Etwa 220.000 Rothirsche leben in Deutschland

Der Rothirsch (Cervus elaphus) ist das größte Landsäugetier, das regelmäßig bei uns in Deutschland lebt, wie die Deutsche Wildtier Stiftung erläutert. Hirschkühe, Kälber und Jungtiere leben in Rudeln zusammen, auch die Hirsche bilden außerhalb der Brunftzeit Rudel.

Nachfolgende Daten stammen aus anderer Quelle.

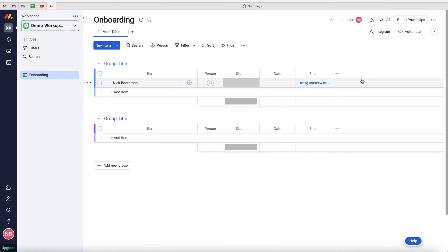Like I just mentioned, I'm going to be demonstrating how to create recurring tasks inside of Monday.com. As you can see, I'm in my demo workspace and I am on an example board. This can be done for any board.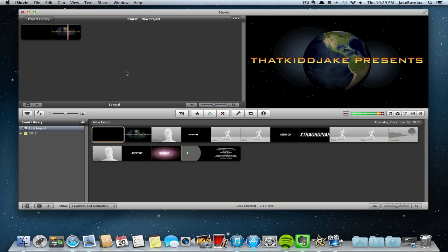With iMovie for the Mac, that's totally great and easy to make and use. So I hope this video helped you guys out in making a new YouTube intro. Anyways guys, thanks for watching.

In Deutschland gibt es demnach etwa 220.000 Rothirsche, verteilt auf rund ein Viertel der Landesfläche.

Eigentlich fühlen sich Rothirsche laut der Stiftung auf Wiesen und Feldern mit einzelnen Baumgruppen und Gehölzen am wohlsten. «Doch weil sie dort von Menschen zunehmend bedrängt und bejagt werden, ziehen sie sich meist in den Wald zurück.» 

Genetischer Austausch in Gefahr

Vor allem junge Hirsche unternehmen weite Wanderungen, um neue Lebensräume zu besiedeln. Das sorgt auch für den genetischen Austausch zwischen einzelnen Rothirsch-Populationen - eigentlich. Denn ihre Ausbreitungsmöglichkeiten enden den Angaben zufolge heute häufig an Autobahnen, Bahntrassen, Kanälen oder behördlich vorgeschriebenen Grenzen der Artverbreitung. 

Das hat weitreichende Folgen: Durch die Verinselung der Rothirsch-Vorkommen verliere die Art mehr und mehr genetische Vielfalt, heißt es von der Stiftung. Populationsgenetiker sprechen demnach bereits vom Beginn eines Aussterbeprozesses.

 «Um dem Rothirsch zu helfen, müssen seine Lebensräume wieder besser miteinander vernetzt werden. Das schaffen wir unter anderem, indem mehr Grünbrücken über Autobahnen gebaut werden und wandernde Tiere grundsätzlich nicht gejagt werden dürfen» sagte Kinser laut Mitteilung. «Nur wenn wir dem Rothirsch wieder mehr Raum geben, kann es gelingen, diese faszinierende Tierart langfristig in Deutschland zu erhalten.»

Erstmals gab es dieses Jahr eine offene Online-Abstimmung zum Tier des Jahres, zuvor hatten lediglich die Spenderinnen und Spender der Stiftung den Sieger gewählt.